## [Task]
With pictures omitted, copy exactly the lines from the one containing "Gallery image thumbnail" through the end of the records below.

*** Input material

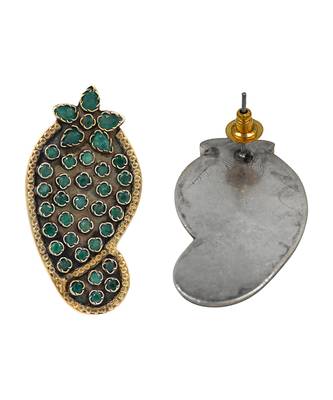 Gold plated green stone stud earrings 3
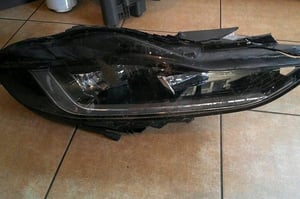 JAGUAR XE X760 LIFT LAMPA PRZÓD PRAWA LX73-13W029-EC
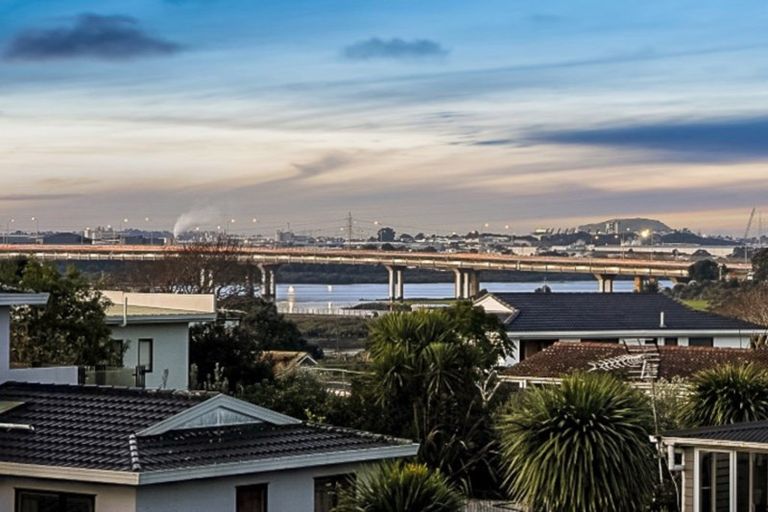 Photo of property in 9a Scott Avenue, Mangere Bridge, Auckland, 2022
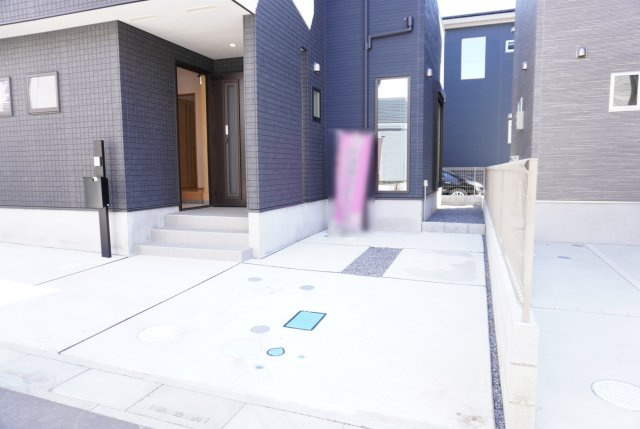 越谷市東大沢2丁目 分譲住宅の駐車場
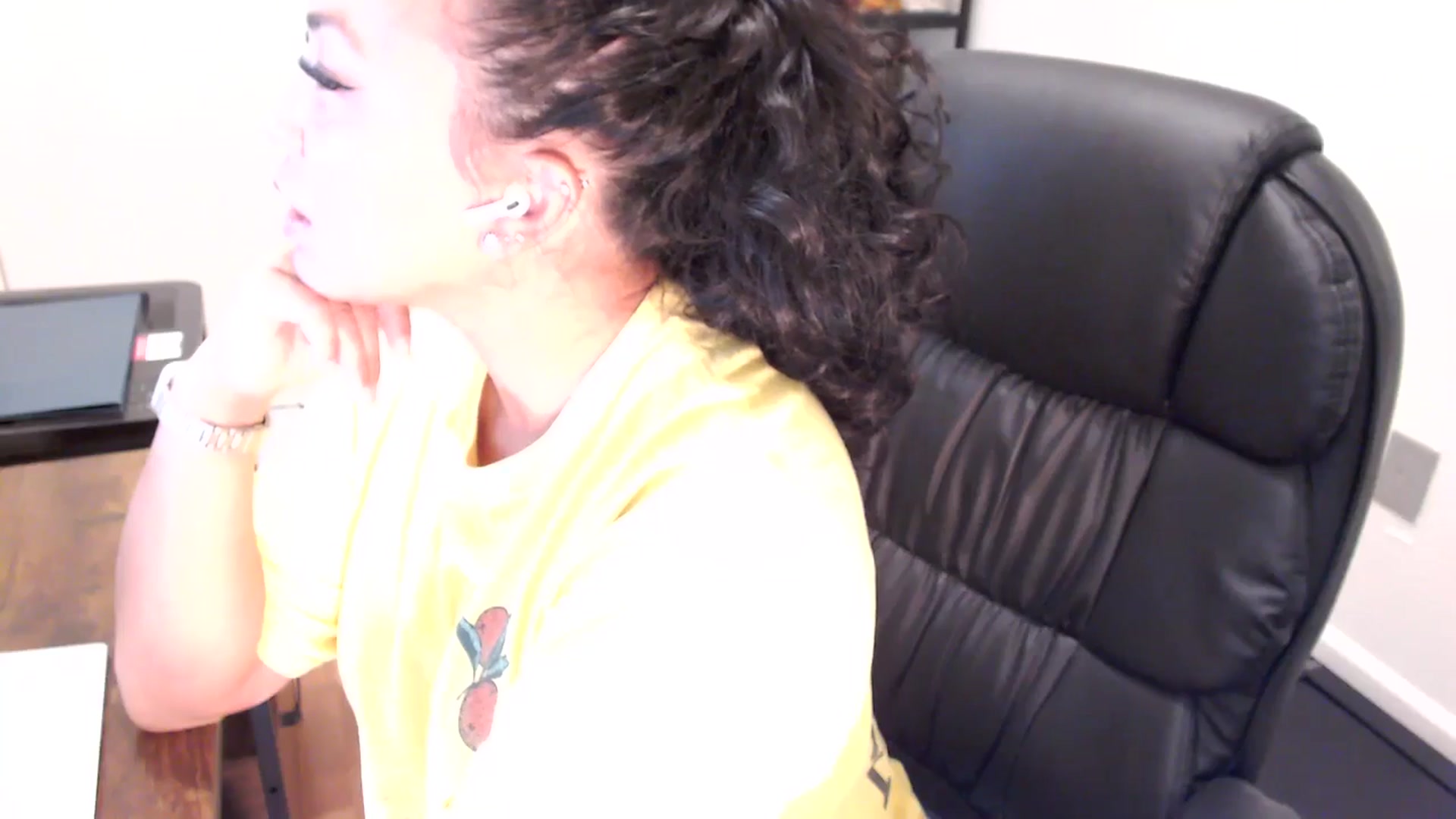 Gallery image thumbnail from MickaylaStar's myfreecams stream on, 07/31/2025, 15:28 image 3 of 20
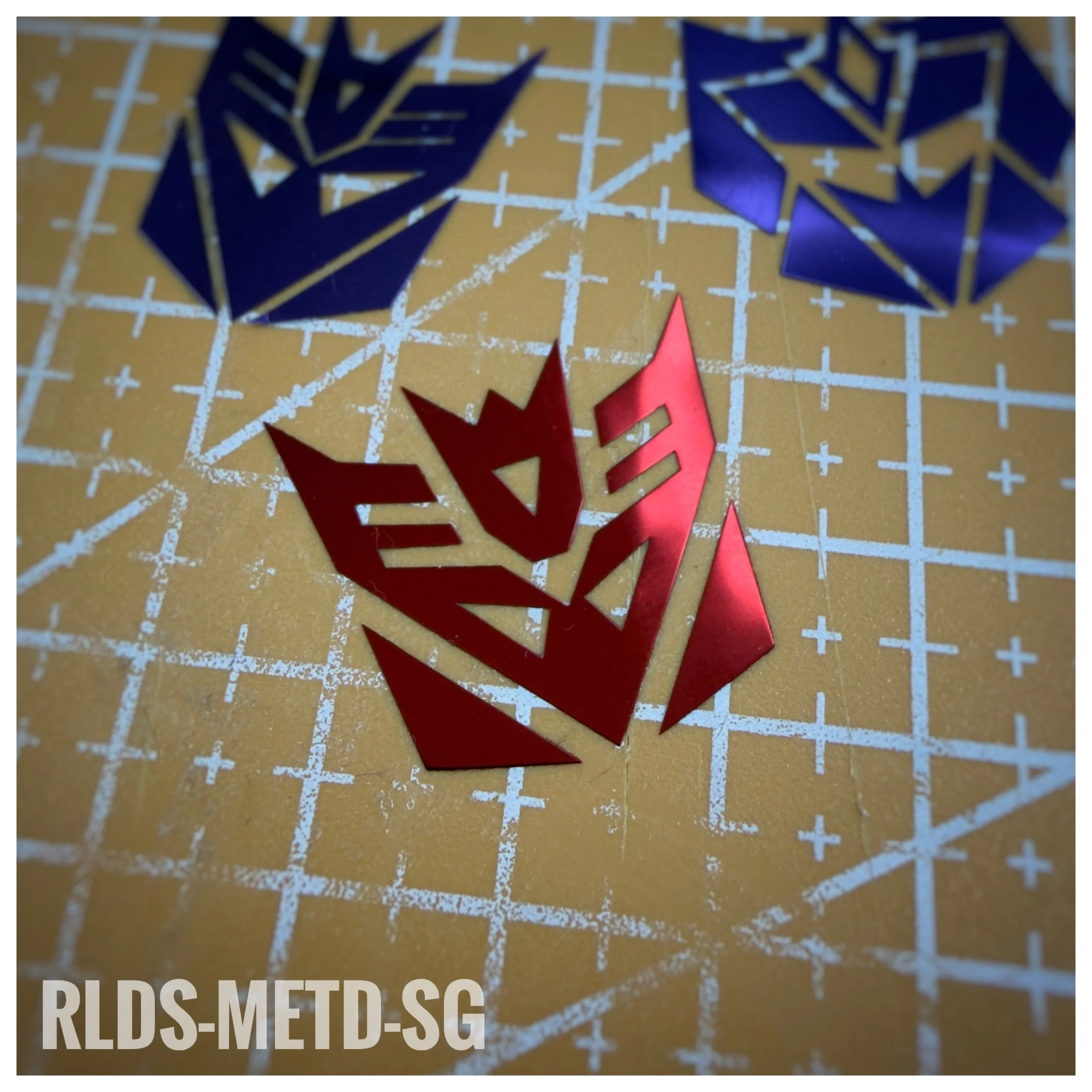 4 x Large Metallic Shattered Glass Con dry rub transfers, Metallic Red with Clear background.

******

## [Response area]
 Gallery image thumbnail from MickaylaStar's myfreecams stream on, 07/31/2025, 15:28 image 3 of 20
 4 x Large Metallic Shattered Glass Con dry rub transfers, Metallic Red with Clear background.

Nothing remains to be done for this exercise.